## DATASET SECTION
..........

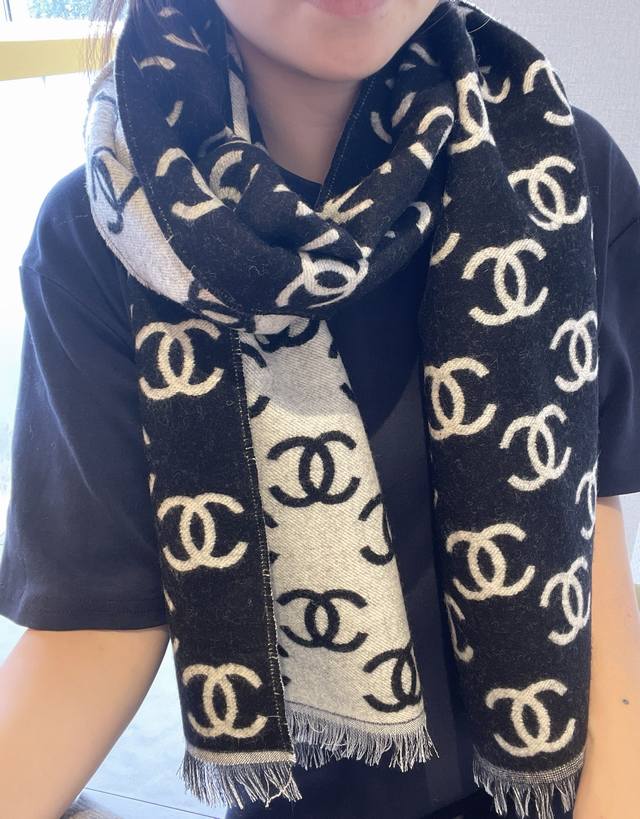 A Chanel scarf that's a real steal! It's destined to be a bestseller! Even befor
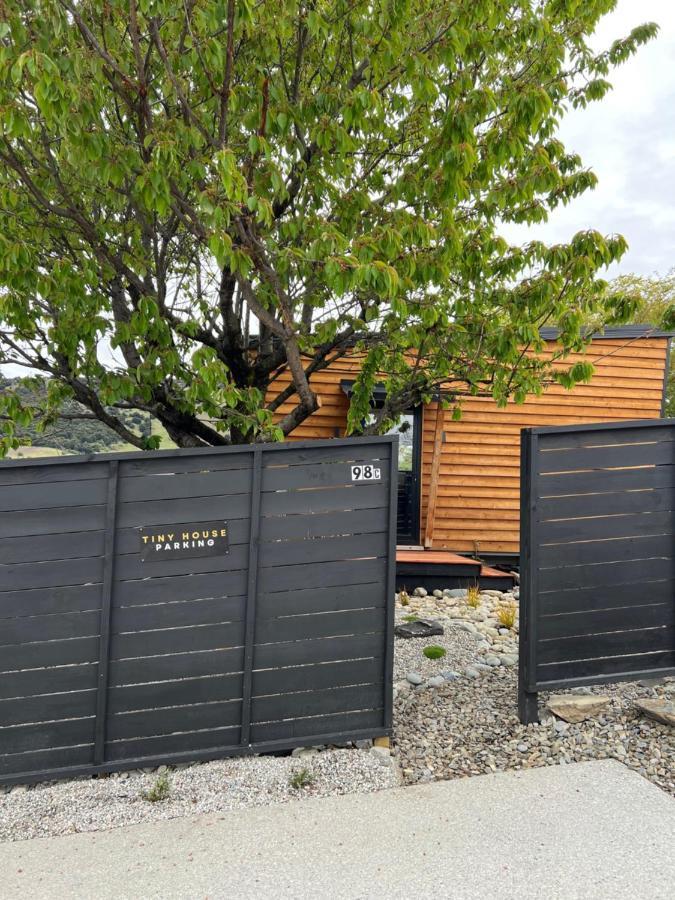 Appartamento Tiny House With Mountain Views, Indoor And Outdoor Fire, Private Courtyard Garden Wanaka Esterno foto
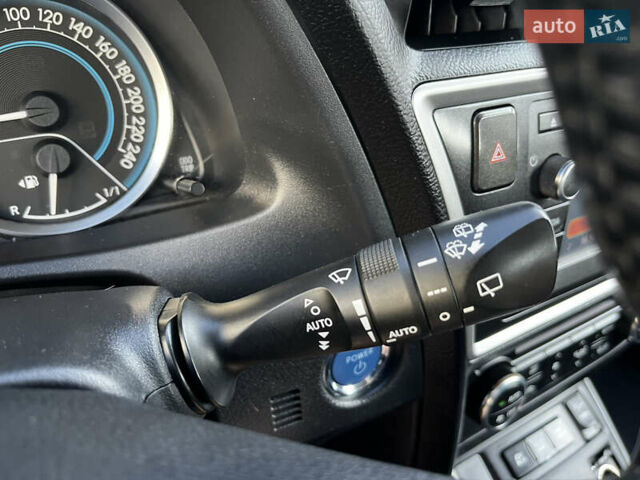 Белый Тойота Аурис, объемом двигателя 1.8 л и пробегом 226 тыс. км за 11599 $, фото 28 на Automoto.ua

..........

## WHAT YOU HAVE TO DO
Exact copy, no pictures: please print the data above once more.

## ANSWER SECTION
 A Chanel scarf that's a real steal! It's destined to be a bestseller! Even befor
 Appartamento Tiny House With Mountain Views, Indoor And Outdoor Fire, Private Courtyard Garden Wanaka Esterno foto
 Белый Тойота Аурис, объемом двигателя 1.8 л и пробегом 226 тыс. км за 11599 $, фото 28 на Automoto.ua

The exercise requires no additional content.